Data to process section start
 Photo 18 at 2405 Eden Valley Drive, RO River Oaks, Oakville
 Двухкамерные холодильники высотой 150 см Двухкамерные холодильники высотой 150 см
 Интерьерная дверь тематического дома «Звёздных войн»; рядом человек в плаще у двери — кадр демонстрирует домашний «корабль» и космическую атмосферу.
Data to process section end
Data to process section start
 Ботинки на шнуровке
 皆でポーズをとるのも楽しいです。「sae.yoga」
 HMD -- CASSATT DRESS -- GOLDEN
Data to process section end
What the task requires - The exact lines of the material above starting at the one that contains "Photo 18 at" and ending at the one that contains "Интерьерная дверь тематического" are what to retype; leave out everything else.

Exercise answer -
 Photo 18 at 2405 Eden Valley Drive, RO River Oaks, Oakville
 Двухкамерные холодильники высотой 150 см Двухкамерные холодильники высотой 150 см
 Интерьерная дверь тематического дома «Звёздных войн»; рядом человек в плаще у двери — кадр демонстрирует домашний «корабль» и космическую атмосферу.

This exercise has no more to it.